High Concept
Am I blogging...or am I pitching my existence?


Monday, November 24, 2003

The Pitch: It's like Blast from the Past meets True West!  

Wow. Two weeks since any real entry from me. I suck.

But I've been off sucking at Nano so, you know, sue me. I'm somewhere between four and five large in the whole, and fifteen large from finishing. My secret dream? I crank another three large tomorrow, and then do a massive twelve large write-out on Wednesday, leaving me Thanksgiving and the weekend after to relax (and/or collapse--I can't quite tell if I'm getting sick or not). Considering my brother showed up Thursday night and I've spent, I'd say about six hours with him total, I don't think that's likely. Instead, we'll probably hang out and I'll slowly crawl my way up the word count (slowly means doing three large every day which is what--twelve pages a day?)

I feel guilty because out of the few I managed to rope in to do Nano again this year, I think the only one who's going to be crossing the finish line is Patrick and I feel that may be my fault. (Well, I bet Ryan and Kara will finish but I don't think that counts because they were doing this before I met them. In fact, this is how I met them, now that I think of it.) Maybe I wasn't supportive enough. Maybe I didn't pep talk it up enough. I think--I dunno what I think. I hope I didn't let anybody down, is all.

On the other hand, I think a lot of Patrick's recruits that he got to do Nano this year and are part of the mailing list are going to finish (one of them already has). If he can get them to do Nano two years in a row, and they finish, when then I'll have to concede that he's a far better motivator than I. (Or is that "than me"? It's "I" because it's short for "I am," right? I'm glad I don't worry about stuff like this when doing nano...)

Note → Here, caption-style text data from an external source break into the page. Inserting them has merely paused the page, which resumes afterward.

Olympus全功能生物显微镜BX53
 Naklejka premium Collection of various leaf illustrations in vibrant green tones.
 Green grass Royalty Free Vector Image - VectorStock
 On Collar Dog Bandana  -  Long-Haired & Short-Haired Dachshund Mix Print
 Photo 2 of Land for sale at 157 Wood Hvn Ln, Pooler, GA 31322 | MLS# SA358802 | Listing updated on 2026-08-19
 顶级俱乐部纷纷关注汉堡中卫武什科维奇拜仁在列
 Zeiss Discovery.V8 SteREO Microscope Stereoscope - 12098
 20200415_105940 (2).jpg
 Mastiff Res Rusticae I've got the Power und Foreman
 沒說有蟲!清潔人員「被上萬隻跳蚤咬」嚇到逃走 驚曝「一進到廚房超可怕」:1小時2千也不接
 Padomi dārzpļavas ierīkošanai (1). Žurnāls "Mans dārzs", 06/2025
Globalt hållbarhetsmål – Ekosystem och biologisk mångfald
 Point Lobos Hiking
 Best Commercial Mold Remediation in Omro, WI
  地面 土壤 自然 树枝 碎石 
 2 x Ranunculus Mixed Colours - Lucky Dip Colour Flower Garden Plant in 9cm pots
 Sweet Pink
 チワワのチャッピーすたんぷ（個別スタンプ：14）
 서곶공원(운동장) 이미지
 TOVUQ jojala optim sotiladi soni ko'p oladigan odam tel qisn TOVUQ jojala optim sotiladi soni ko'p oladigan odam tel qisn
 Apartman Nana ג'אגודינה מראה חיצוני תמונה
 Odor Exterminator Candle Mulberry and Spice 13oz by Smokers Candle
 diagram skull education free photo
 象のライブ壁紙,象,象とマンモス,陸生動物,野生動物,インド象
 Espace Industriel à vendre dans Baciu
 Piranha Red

Oh yeah, the other big reason I know the big all day blowout is mere hooey? Because, just like last year, I will finish Nano, but I will not be finished with my book. Oh, no. Certainly not. Last year, I hit a finishing point, took it, and then skid on my face for another two thousand words. But this time, I know better. I'm going to cross the line. I'm going to keep going. I'm sure if I get a good night's sleep, I'll feel better. But right now, I'm in that feverish uncomfortable world where the only thing that feels more uncomfortable than living is writing. Bleah.